Questa sua unicità ha fatto dichiarare nel 1995 il relitto “Zona di Tutela Biologica”. Nel 2010, la ZTB del Paguro diviene anche il primo Sito di Importanza Comunitaria (SIC) marino in Italia, compiendo un importante salto di qualità sotto il profilo della tutela e della valorizzazione del nostro mare.
La porzione di Mar Adriatico che bagna la costa dell’Emilia-Romagna è un mare biologicamente vivo e attivissimo. La biodiversità che lo contraddistingue, rispetto ad altre aree marine di tutto il mondo, è dovuta ai bassi fondali sabbiosi e ai fiumi che vi sfociano che portano limo e un’infinità di sostanze nutritive ideali per gli organismi del mare che qui trovano un habitat riproduttivo migliore. Nell’Alto Adriatico, negli ultimi cinquanta anni, al tipico ambiente con fondale sabbioso si è sovrapposta anche una variabile del tutto artificiale rappresentata dalle barriere frangionda, opere portuali e piattaforme di estrazione metanifera, che sono state colonizzate da specie tipiche degli ambienti rocciosi, originariamente non presenti in quest’area.
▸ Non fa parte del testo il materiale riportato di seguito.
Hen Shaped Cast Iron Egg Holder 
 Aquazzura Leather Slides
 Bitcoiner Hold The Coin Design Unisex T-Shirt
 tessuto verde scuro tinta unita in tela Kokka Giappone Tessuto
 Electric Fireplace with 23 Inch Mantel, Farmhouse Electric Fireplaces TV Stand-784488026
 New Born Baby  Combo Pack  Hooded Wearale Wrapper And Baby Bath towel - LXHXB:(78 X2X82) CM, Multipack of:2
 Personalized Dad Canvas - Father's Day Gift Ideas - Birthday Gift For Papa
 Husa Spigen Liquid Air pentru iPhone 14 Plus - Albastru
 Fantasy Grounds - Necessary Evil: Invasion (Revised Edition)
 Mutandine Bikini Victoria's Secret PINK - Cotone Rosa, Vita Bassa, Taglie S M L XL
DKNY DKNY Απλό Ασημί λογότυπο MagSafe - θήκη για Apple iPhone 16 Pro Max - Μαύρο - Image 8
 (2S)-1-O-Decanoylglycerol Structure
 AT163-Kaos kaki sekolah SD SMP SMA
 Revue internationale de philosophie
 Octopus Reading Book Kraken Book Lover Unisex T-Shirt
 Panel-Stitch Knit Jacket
L’alto Adriatico è un paradiso di biodiversità e uno dei mari più pescosi al mondo: ospita il 49% di tutte le specie del Mediterraneo e produce il 50% della pesca italiana. Nelle sue acque si ritrova la straordinaria presenza di organismi di ogni genere: Non solo sogliole, triglie, naselli, canocchie, seppie, mitili e mille altri pesci, ma lasciando la riva è frequente imbattersi in tonni, delfini, tartarughe e pesci luna, grandi animali che popolano le vivissime acque adriatiche.